Your thumb is controlled by nine individual muscles and three major hand nerves. Your target thumb (the thumb of the highest hand on your grip) plays a major role in the rotation of the clubface through impact.
In addition to its anchoring capabilities, the position of your target thumb on the club handle determines the direction in which force is applied to the shaft during your release and therefore how much the face of your clubhead will rotate through the impact.

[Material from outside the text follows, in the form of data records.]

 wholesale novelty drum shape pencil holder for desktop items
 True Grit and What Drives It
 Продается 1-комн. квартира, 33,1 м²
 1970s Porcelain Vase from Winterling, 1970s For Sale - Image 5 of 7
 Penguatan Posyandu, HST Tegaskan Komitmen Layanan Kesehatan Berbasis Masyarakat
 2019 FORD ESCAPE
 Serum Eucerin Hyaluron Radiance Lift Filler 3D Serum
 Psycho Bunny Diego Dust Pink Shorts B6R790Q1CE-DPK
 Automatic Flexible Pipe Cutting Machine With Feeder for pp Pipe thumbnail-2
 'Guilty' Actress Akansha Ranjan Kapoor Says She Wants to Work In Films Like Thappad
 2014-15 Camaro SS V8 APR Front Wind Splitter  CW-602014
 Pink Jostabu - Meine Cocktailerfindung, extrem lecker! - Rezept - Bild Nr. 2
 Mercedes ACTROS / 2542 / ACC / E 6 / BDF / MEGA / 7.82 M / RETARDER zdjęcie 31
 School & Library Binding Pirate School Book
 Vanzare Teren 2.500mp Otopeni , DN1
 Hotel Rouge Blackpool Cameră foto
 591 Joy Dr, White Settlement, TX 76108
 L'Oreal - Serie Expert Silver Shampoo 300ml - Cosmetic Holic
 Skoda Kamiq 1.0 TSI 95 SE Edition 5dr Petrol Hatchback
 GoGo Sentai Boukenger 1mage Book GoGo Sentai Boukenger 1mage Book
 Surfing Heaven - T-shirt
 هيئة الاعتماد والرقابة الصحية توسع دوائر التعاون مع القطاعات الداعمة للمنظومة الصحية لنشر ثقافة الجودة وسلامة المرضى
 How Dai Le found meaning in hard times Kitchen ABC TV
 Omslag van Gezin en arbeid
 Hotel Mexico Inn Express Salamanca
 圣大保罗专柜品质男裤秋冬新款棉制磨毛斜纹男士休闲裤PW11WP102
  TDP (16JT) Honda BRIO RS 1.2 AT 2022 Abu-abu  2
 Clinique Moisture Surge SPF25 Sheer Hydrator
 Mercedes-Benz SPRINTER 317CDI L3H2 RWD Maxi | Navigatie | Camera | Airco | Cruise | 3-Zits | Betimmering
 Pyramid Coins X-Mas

When your thumb is on the top of the shaft at address, the pressure exerts down the middle of the club shaft, reducing clubface rotation through impact — and unless there is compensation, you’ll hit a fade or a slice. With your target thumb down the back of the shaft, the direction of the force causes your clubface to rotate aggressively through impact, imparting the characteristic spin of the draw shot.
Long or Short Thumb?
The “long thumb” position, with the top thumb fully extended along the grip, gives your clubhead the most arc by allowing you to make the largest wrist and thumb cock possible. The “short thumb” position, where the top thumb is retracted, restricts your thumb’s cocking action, producing more clubhead control but less clubhead arc and less power.
Note that cocking the wrist and cocking the thumb are related, but not identical. Your wrist can cock only about 15 degrees without bending or bowing, but your thumb can cock 90 degrees. If you cock you wrist fully, but restrict the amount of thumb cock, the shaft will appear to be less than 90 degrees even though the lead wrist is fully cocked.
This occurs in the swings of several tour players, including Steve Stricker and J.B. Holmes, prompting TV announcers to say that they are not cocking their wrists, which of course they are. Unfortunately, this mistake leads golfers to stop cocking their wrists — a recipe for a loss of power.